I'm here to save you the bother. It's an unqualified NO!!!
So the problem with sassafrass is that pesky cancer-linked drug-precursor compound safrole. Sure there are methods to extract the safrole but the ones I could find were all about the safrole. The root itself was treated pretty roughly and probably wouldn't be suitable for soda-making. Many of the root beer extracts are safrole-free, but I suspect that many are also sassafrass-free. I wanted the real deal for my soda.

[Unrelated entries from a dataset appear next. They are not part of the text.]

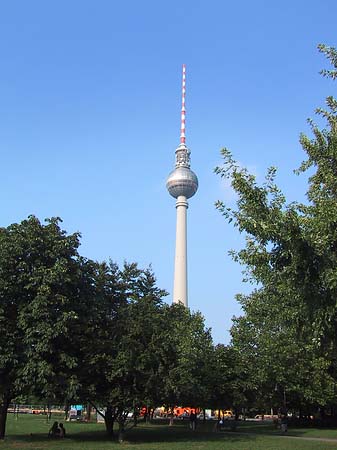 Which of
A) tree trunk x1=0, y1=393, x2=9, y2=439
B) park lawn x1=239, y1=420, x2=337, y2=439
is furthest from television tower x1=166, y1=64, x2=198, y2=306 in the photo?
tree trunk x1=0, y1=393, x2=9, y2=439

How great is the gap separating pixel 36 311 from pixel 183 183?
4257 inches

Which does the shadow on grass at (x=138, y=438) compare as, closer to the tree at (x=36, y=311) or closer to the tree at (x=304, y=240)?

Imagine my surprise when I find out that there's a part of the sassafrass plant that is available that naturally doesn't contain any safrole. It's the leaves! Sure, it's probably not as potent as the root, but surely this can be compensated for simply by using more of it. It's known as gumbo fil'e (file with a fancy e). I found a supplier that had an unadulterated, pure leaf power. I just had to try it.
I fired up my usual root beer recipe (scaled to 1/2 gallon) and up the sassafrass from .125 oz (root) to .17 oz (leaf) (roughly 40%). Half-way through the simmer, I say to myself "that smells a bit off and has an odd green tint to it. Better throw in some sarsparilla." The sarsparilla improved the color and aroma dramatically. Let it sit, cooled it down, force carb'd in a soda siphon.
The resulting beverage smells off, had an odd, green tint to it, and the mouthfeel is just awful. It's gummy and chewy in ways that soda should not be. If you're familiar with cider-making faults, it reminded me of rope. I couldn't even bring myself to swallow that first swig. Straight down the drain it went. A complete waste of time. Hopefully someone here gets a kick out of the tale and it saves someone else from the same fate.